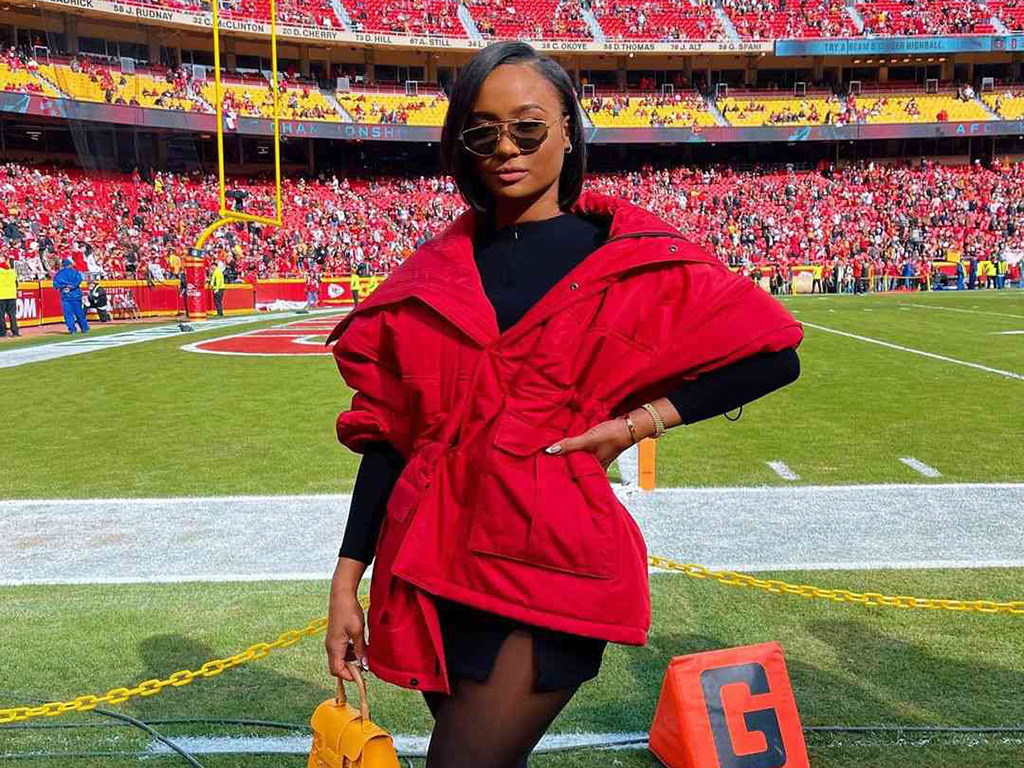 Kayla Nicole wearing a red coat on a football field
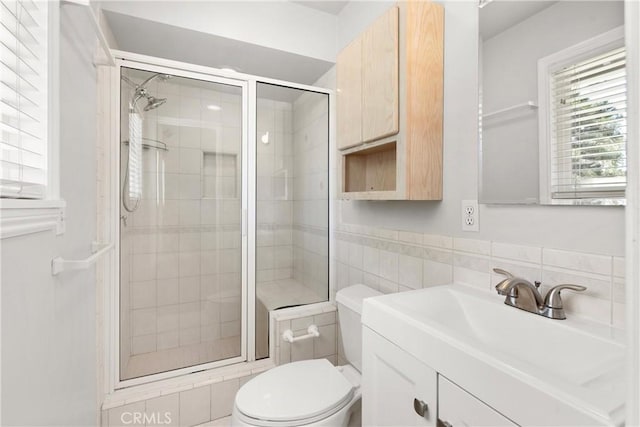 20632 Egret Ln, Huntington Beach, CA 92646 - bathroom featuring toilet, tile walls, a stall shower, and vanity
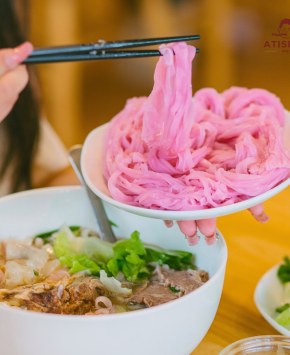 Pink artichoke noodles lifted — the pink comes from Da Lat artichoke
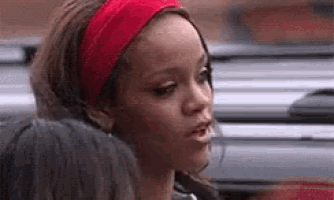 a woman wearing a red headband and earrings is talking to another woman .
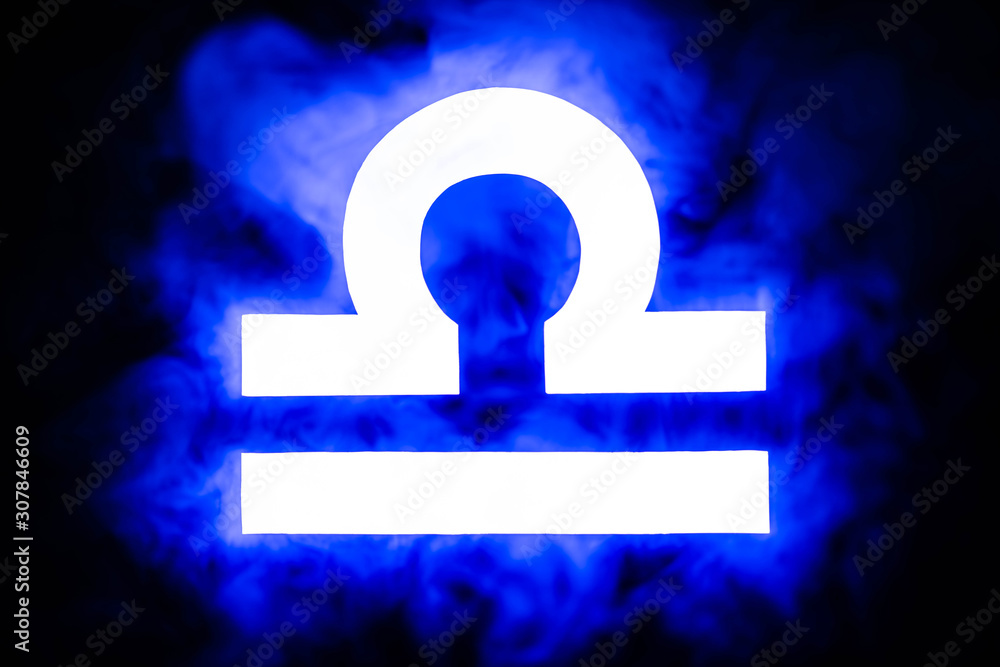 blue illuminated Libra zodiac sign with smoke on background blue illuminated Libra zodiac sign with smoke on background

### PROBLEM STATEMENT
Write out the records above exactly as they appear, leaving out any pictures.

### RESPONSE TO THE EXERCISE
 Kayla Nicole wearing a red coat on a football field
 20632 Egret Ln, Huntington Beach, CA 92646 - bathroom featuring toilet, tile walls, a stall shower, and vanity
 Pink artichoke noodles lifted — the pink comes from Da Lat artichoke
 a woman wearing a red headband and earrings is talking to another woman .
 blue illuminated Libra zodiac sign with smoke on background blue illuminated Libra zodiac sign with smoke on background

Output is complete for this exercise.